With some 60,000 apartments on offer in the city, Paris is the biggest market for Airbnb, which like other home-sharing platforms has come under increasing pressure from cities which claim it drives up rents for locals.
“Do we want Paris to be a city which the middle classes can afford, or do we want it to be a playground for Saudi or American billionaires?” he said.

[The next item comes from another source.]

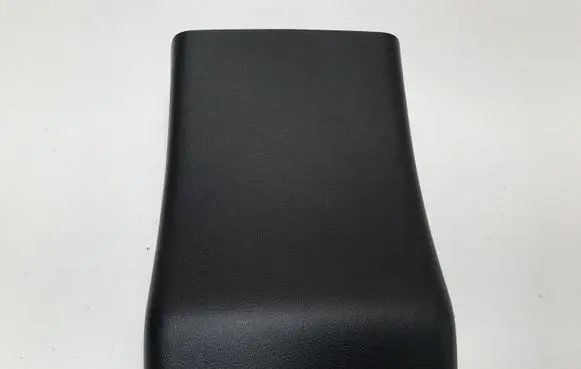 Mazda MX-30 Centre console side trim rear DN4E64470 K3006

Brossat has had Airbnb and its rivals in his sights for years, and recently published a book assailing the US giant titled “Airbnb, or the Uberised City.”
He wants to forbid any short-term tourist rentals of entire apartments in the First, Second, Third and Fourth Arrondissements of Paris, home to some of the world’s most popular sites including the Cathedral of Notre-Dame and the Louvre museum.
“If we don’t do anything, there won’t be any more locals: Like on the Ile Saint-Louis, we’ll end up with a drop in the number of residents and food shops turned into clothing or souvenir stores,” he said, referring to the Seine island in the shadow of the Notre-Dame cathedral.
“We’ll be living in an open-air museum,” he added.
Brossat hopes the measures will be included in a law aimed at overhauling France’s real estate laws to be debated this fall.
The administration of Paris Mayor Anne Hidalgo has already taken action against Airbnb and others, requiring homeowners to register with the city and limiting the number of rentals to 120 nights a year.
Last month the city said the total amount of fines levied against home rental platforms rose to €1.38 million ($1.60 million) from January to August 15, compared with €1.3 million for 2017 as a whole.
Its crackdown echoes those in other hot tourist destinations including Amsterdam, Barcelona and Berlin.
Last month Airbnb sued the city of New York after it passed a law forcing home-sharing platforms to disclose data about their hosts, calling it a campaign “funded by the city’s powerful hotel lobby.”